Things that worked well:

* Hot water or no-cook menus (noodles, oatmeal, bagels, sandwiches) kept things simple; there are no cooking facilities in the cabins (though the radiators run hot and can be used for toasting bread or warming a pot), and it's too cold to use propane outside
* Scouts left boots outside and wore slippers or socks inside, keeping the dirt in the cabins to a minimum
* Scouts organized their own games, and my sense is that everyone participated and had opportunities to play the games they wanted to play
* We were able to work on advancement as well, with casual discussions on T21 requirements and merit badges

Things that were challenging:

* In a mixed-patrol cabin, establishing leadership is difficult.

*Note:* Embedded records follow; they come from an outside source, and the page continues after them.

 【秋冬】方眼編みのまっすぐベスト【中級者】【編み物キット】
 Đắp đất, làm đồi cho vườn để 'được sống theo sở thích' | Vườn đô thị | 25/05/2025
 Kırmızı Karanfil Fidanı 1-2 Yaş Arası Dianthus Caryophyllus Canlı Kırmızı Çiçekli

This wasn't a problem in the older Scout cabin, but in the younger Scout cabin there was dissension and argument, which prevented lunch from being made until 2PM (with adult intervention).

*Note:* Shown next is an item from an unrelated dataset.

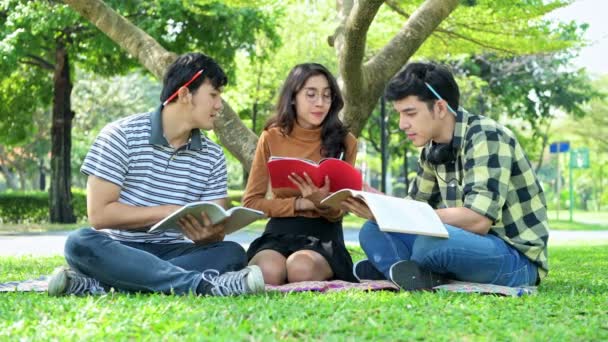 Students Park Study Together Chinese Male Female Teenagers Sitting Together — Stock Video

* The younger Scouts' menu was a little sub-par; we've made it a goal for upcoming troop meetings to establish better guidelines for meal planning and to try to add diversity and more nutrition to camp meals.

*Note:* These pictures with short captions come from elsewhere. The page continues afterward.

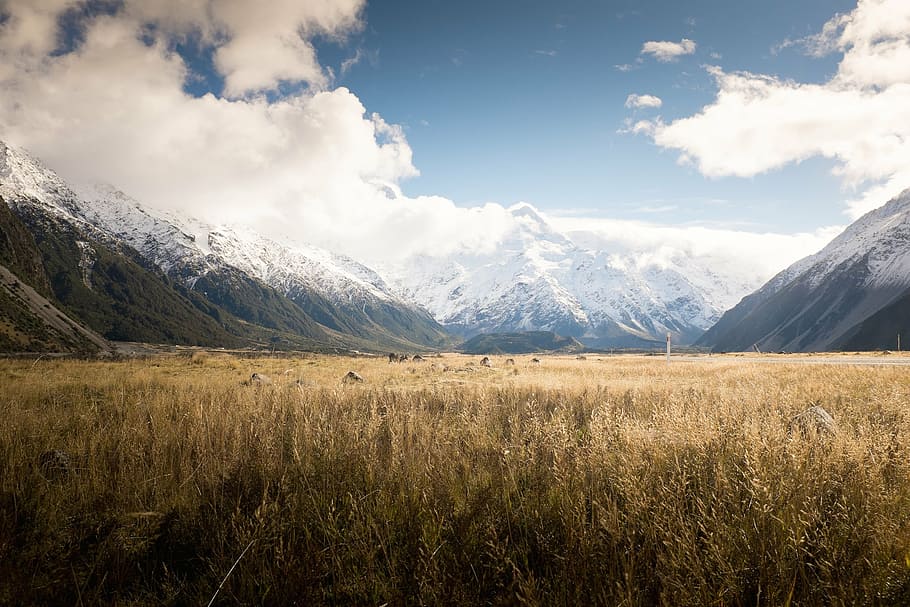 rice field and mountain, mountains, sky, clouds, harvest, farm HD wallpaper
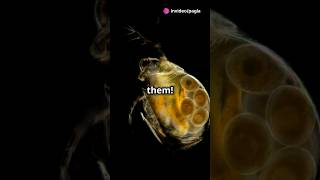 How to culture Daphnia for your Aquarium [upl. by Leod]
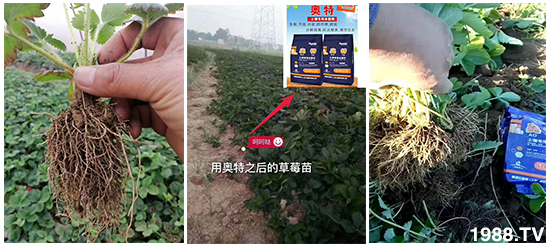     ���׌�Nֲ׃�ø��p�ɣ�һ���ײ���ȫ���䷽����˹�ش󽪠I�B(y��ng)�ײͷ�����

* The younger Scouts' menu also had communication problems--they selected one meal at the prep meeting without having the recipe, and didn't get the recipe to the grubmaster in time for him to buy the food; we will include this recipe in the troop's cookbook, since it's popular, and also work to establish better guidelines for camp menus having a recipe that everyone agrees to.
* We only had one coffee maker, so one cabin had to use a thermos to carry hot water; we will get a second coffee maker and a couple of hot plates, since this kind of camping situation isn't uncommon (Game Camp, Ski Camp, often a camp in late fall or early spring with a mix of outdoor and cabin cooking)
* The cabins have one table each, so long games (Risk, Monopoly, etc.) tend to take over the game space; one possible solution is to bring a couple of folding tables, or improvise a playing surface that can be put on the floor so each cabin can more easily have two games going at a time.

This is a popular camp, and I expect the Scouts to want to make it a tradition.